I would assume that it’s based on some sort of Bayesian analysis, but I don’t actually know for sure.
It’s a little complicated and technical–and I’m not a Bayesian so I’m probably going to a crappy job explaining it–but I’ll try to summarize what I think they’re doing.
First, there are three elements in a Bayesian analysis: prior distribution (original projections), sampling distribution (new data), and posterior distribution (rest of seasons [ROS] projections).
For the sake of simplicity, let’s say that you’re just interested in projecting a Batting Average (a simple binomial has some convenient properties when working within a Bayesian framework). Suppose our prior is .300 but we observe half a season of .250 (75/300). What should the ROS be based on having observed the actual .250 BA over 300 AB compared to an expected .300 based on 3+ years worth of data?
Without getting too far into the weeds, we’d probably estimate what’s called the parameters of a Beta distribution, which yields two shape parameters: alpha and beta. One of the convenient features of a beta distribution is that you can interpret alpha as the number of hits and alpha+beta as the number of at bats.
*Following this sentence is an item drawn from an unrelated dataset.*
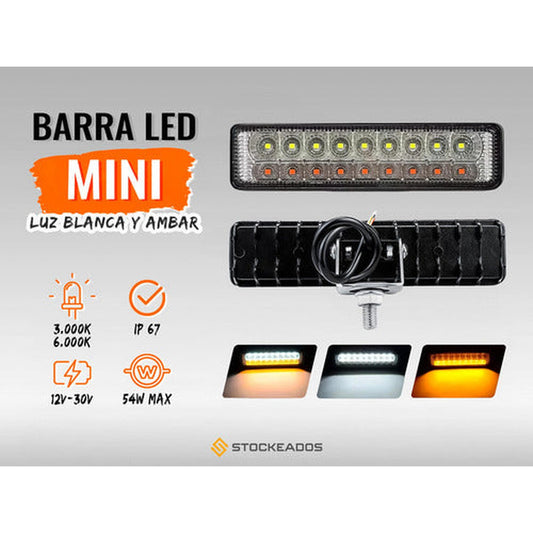 Luz Faro Barra Foco Neblinero 18 Led Blanco Ambar Auto 4x4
We can then use the BA formula to update the projection.
For sake of simplicity, assume the prior X~Beta(300,1000) and assume 75 hits in 300 AB. Then:
ROS=(300+75)/(1000+300+75)=0.273 (i.e., this is our posterior estimate)
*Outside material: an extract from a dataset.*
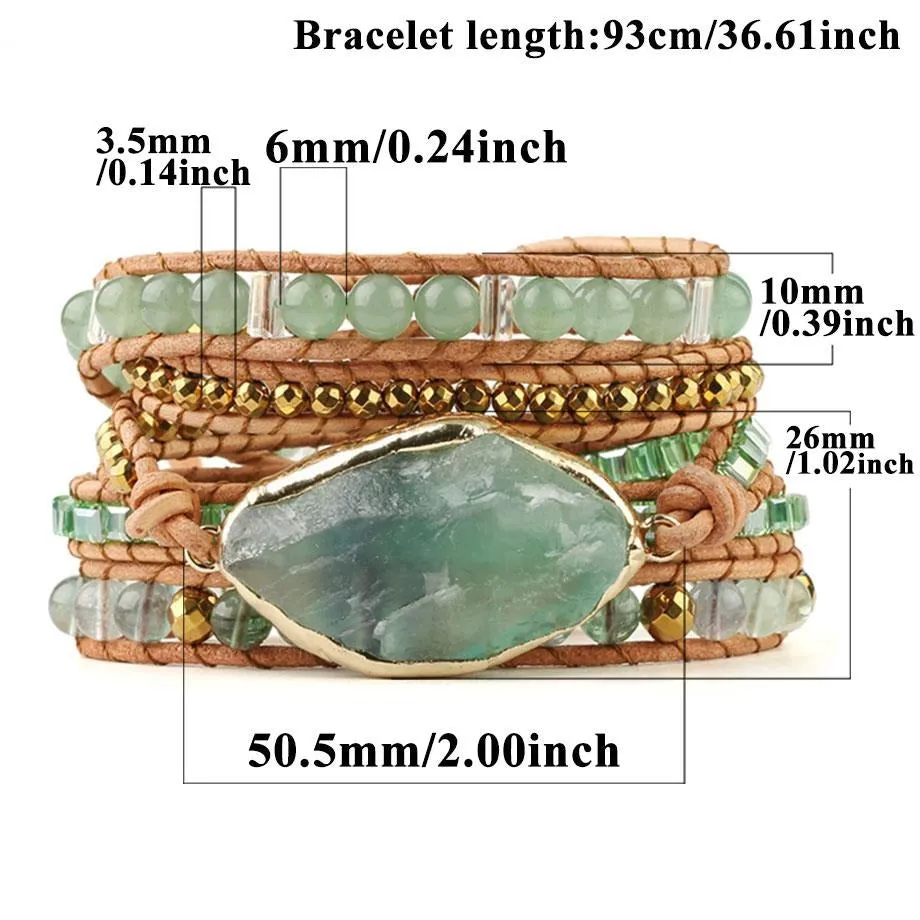 Green Fluorite Crystal Aventurine Bead Leather Wrap Bracelet Multilayer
That is, based on having observed 75 hits over 300 at bats (i.e., .250, our sampling distribution) in a half season worth of data, we would make a ROS projection for .273 (our posterior distribution) given those actual data and the prior that he’s a .300 BA hitter (our prior distribution).
Note that I’ve skipped over a few crucial steps to just posit that the prior is X~Beta(300,1000). It’s not as simple as saying a projected .300 hitter implies X~Beta(300,1000). But it keeps the math simple for the purposes of a relatively nontechnical explanation. And you could weaken the prior by assuming/estimating lower values for alpha and beta. If you weaken the strength of the prior, then the posterior will be lower than .273 and closer to a .250 BA. FWIW, one of the reasons why I’m always a little skeptical of Bayesian analysis is that the choice of assumptions about the prior is always a little arbitrary.
Hope that makes some sense. And apologies to any Bayesians who might read this who will be offended by the gross simplifications–it’s a combination of my own limited understanding as well as trying to avoid minimizing the math!
EDIT: Corrected a mistake in my math (I forget to include the alpha=75 in the denominator, so the ROS=.273, not .288 as I originally miscalculated).